Begin at the line containing "Letter N Do a Dot Printable With Markers" and copy exactly through the last line of the listing, skipping every picture.
(SUPPLIED MATERIAL begins)
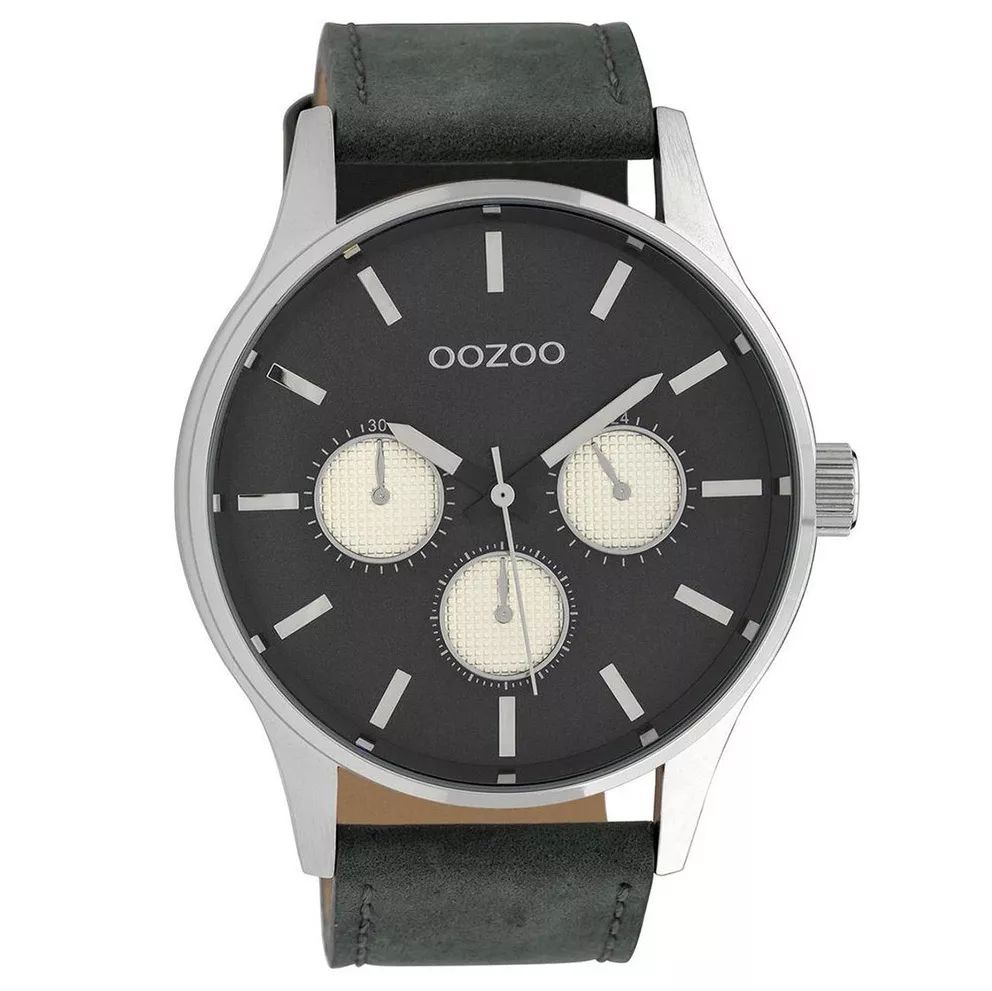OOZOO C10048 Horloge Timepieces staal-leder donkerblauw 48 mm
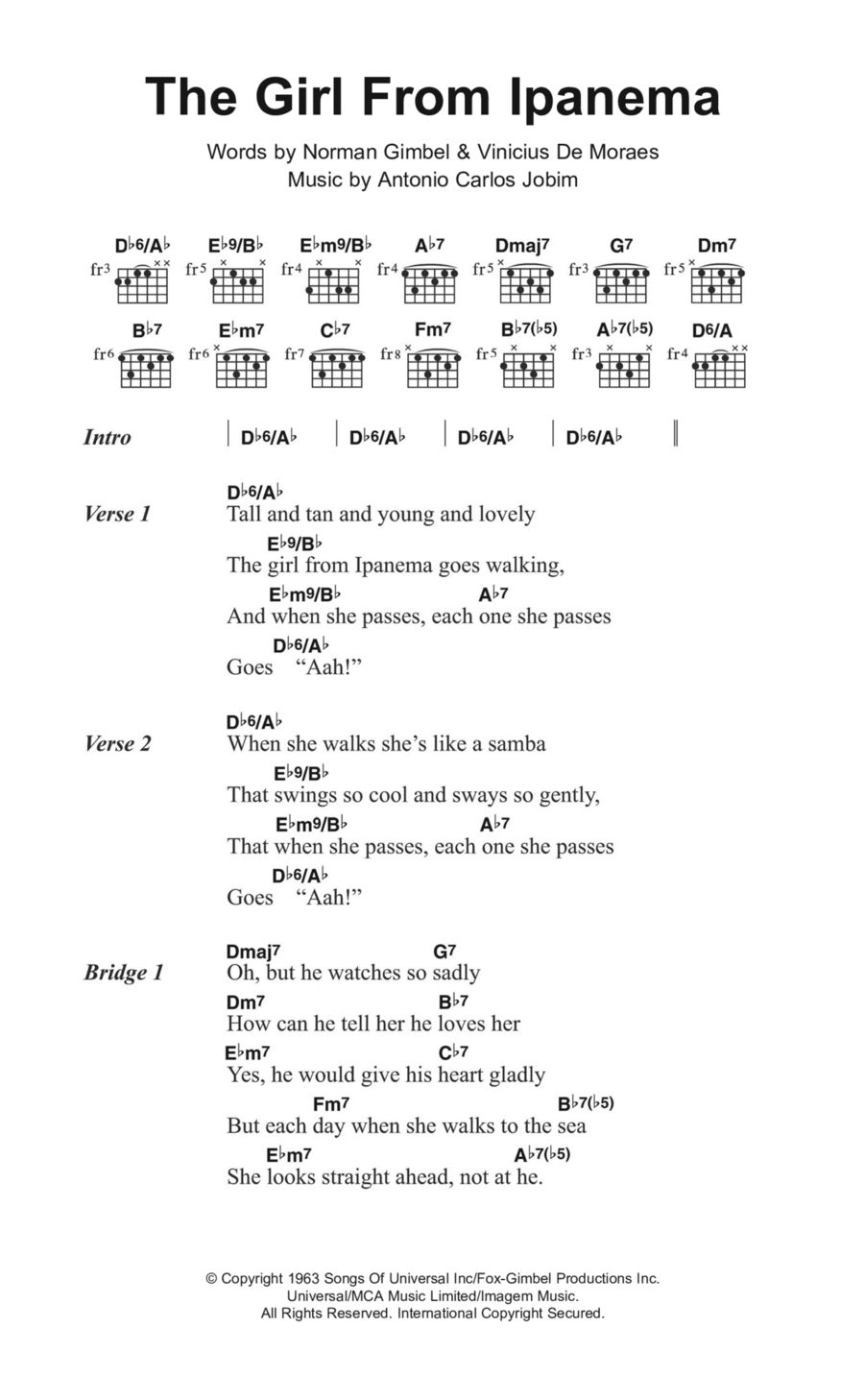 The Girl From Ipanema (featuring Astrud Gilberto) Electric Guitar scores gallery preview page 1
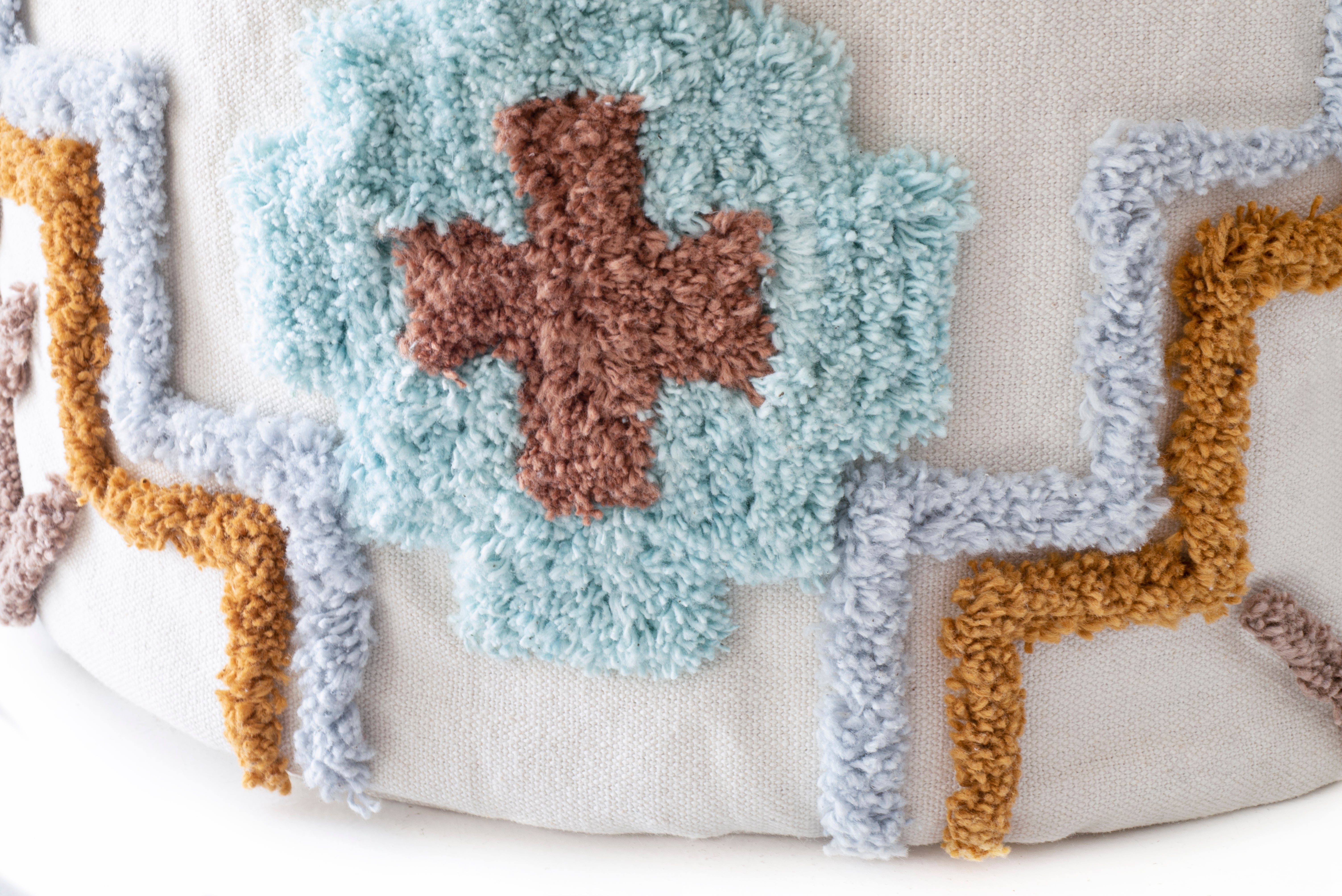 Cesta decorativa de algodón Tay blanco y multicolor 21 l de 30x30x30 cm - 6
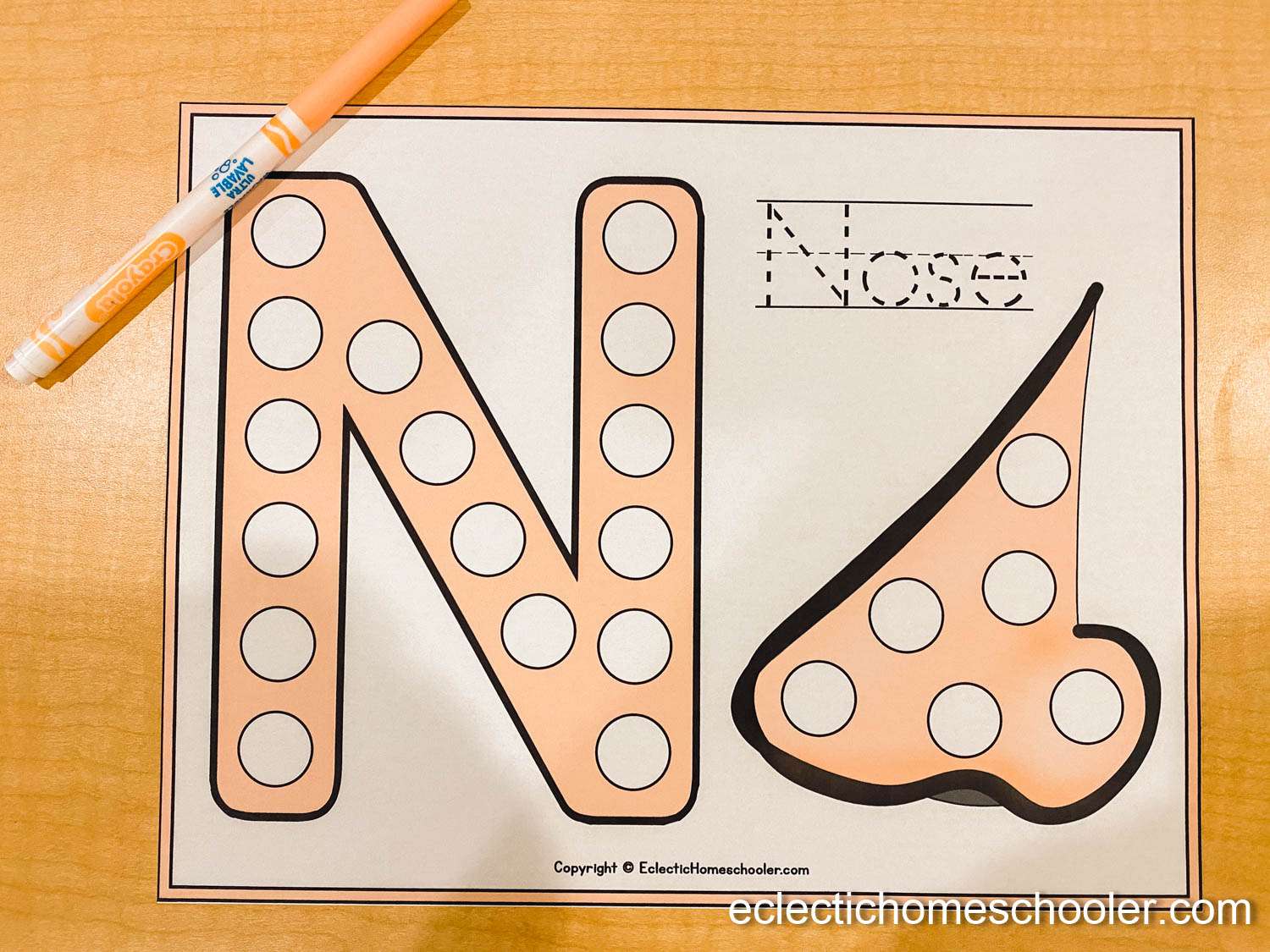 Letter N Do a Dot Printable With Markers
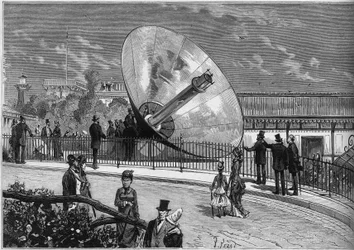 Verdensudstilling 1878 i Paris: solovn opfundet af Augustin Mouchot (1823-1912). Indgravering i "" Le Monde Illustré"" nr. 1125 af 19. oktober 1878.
(SUPPLIED MATERIAL ends)
— COMPLETED EXERCISE —
 Letter N Do a Dot Printable With Markers
 Verdensudstilling 1878 i Paris: solovn opfundet af Augustin Mouchot (1823-1912). Indgravering i "" Le Monde Illustré"" nr. 1125 af 19. oktober 1878.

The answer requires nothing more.